Hochzeitsreportagen: eine Spezialität von Foto Hoffmann. Vor dem Standesamt und der Reformierten Kirche Wädenswil.

Chilbi 1997 in Wädenswil - eine von vielen Aufnahmen des auch als Pressefotograf tätigen Georges Hoffmann.

Das neue Fotogeschäft im «Schwanen», eröffnet 1972.
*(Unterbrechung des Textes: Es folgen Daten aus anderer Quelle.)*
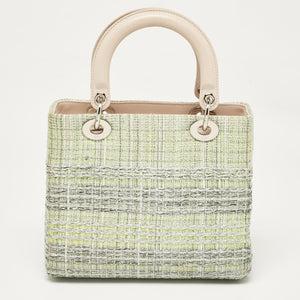 Dior Green/beige Leather And Tweed Medium Lady Dior Tote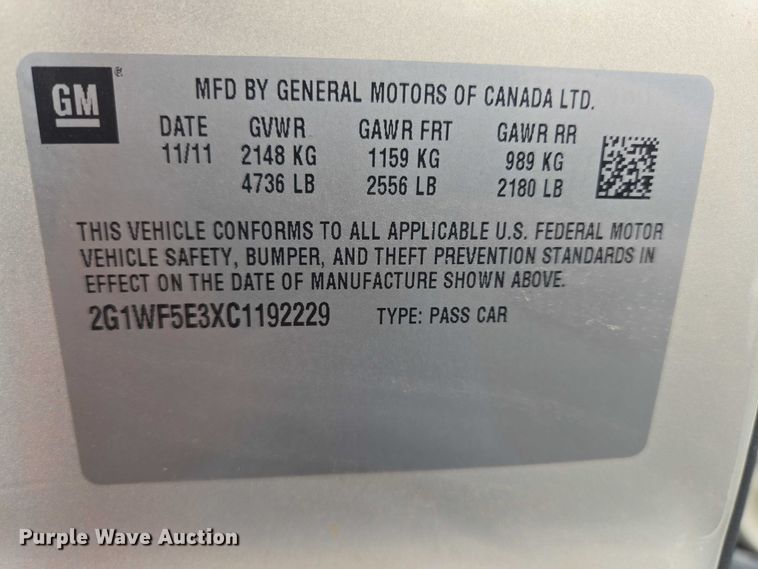 image for item EV5602 2012 Chevrolet Impala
TONBILDSCHAUEN UND REPORTAGEN

Einen weiteren Kundenkreis findet Hoffmann bei Industrie und Gewerbe in Wädenswil und Umgebung. Diese Auftraggeber wünschen professionelle Industrie-Reportagen und Werbeaufnahmen für ihre Produkte. Als neues Medium bietet sich hiefür auch die Tonbildschau an, wie sie Georges Hoffmann seit dem Umzug in den «Schwanen» realisieren kann. Zu seinen frühen Kunden zählen die Stadt Wädenswil für den Zonenplan 1972, die Brauerei Wädenswil, die Seidenweberei Gessner AG, die Ingenieurschule und von auswärts beispielsweise die Unternehmen «De Sede» für Polstermöbel oder «Gretag» für Densitometrie (Dichtungsmessung).
Bis in die 1990er Jahre hinein ist Georges Hoffmann zudem als Pressefotograf für den «Allgemeinen Anzeiger vom Zürichsee» unterwegs. Er liefert Bilder für Reportagen über die Fasnacht, die Chilbi, den Chlauseinzug, das Wädifäscht 1987... Er fotografiert Konfirmation und Kommunion, wird aber auch zur Dokumentation von Verkehrsunfällen, Bränden und Unwetterschäden gerufen. Seit 1975 hilft er das Jahrbuch der Stadt Wädenswil illustrieren, und für den Veranstaltungskalender bzw. das WädiInfo des Verkehrsvereins schiesst er bis heute jeden Monat das Titelbild.
 

OPTIK

Die Übersiedlung in den Neubau «Schwanen» an der Zugerstrasse 25 bringt viele Vorteile. Das Labor an der Rebbergstrasse kann aufgegeben werden, da hinter dem geräumigen Laden ein neues Schwarzweiss-Labor zur Verfügung steht. Die weiterhin gepflegte Porträtaufnahme entsteht nun im eigens eingerichteten Porträt-Atelier, zunächst noch als Schwarzweiss-Bild, dann bald ausschliesslich als Farbfoto. Der gelernte Optiker Georges Hoffmann schliesst seinem Fotofachgeschäft 1972 eine Optik-Abteilung an, stellte auf Rezept Brillen her und verkauft optische Instrumente wie Feldstecher, Thermometer und Barometer.
Zu Beginn der 1990er Jahre wird der Sektor Optik ausgebaut: Es entstehen ein Refraktionsraum und eine eigene Werkstatt. Auch im Bereich Fotografie hat sich wieder einiges getan. Als erstes Geschäft in der Region verfügt Foto Hoffmann seit 1995 über ein Minilab für Farbfotos und kann seiner Kundschaft einen Stundenservice bieten. Die Farbaufnahme hat sich nun durchgesetzt; das Labor für Schwarzweiss-Aufnahmen wird 1999 aufgegeben.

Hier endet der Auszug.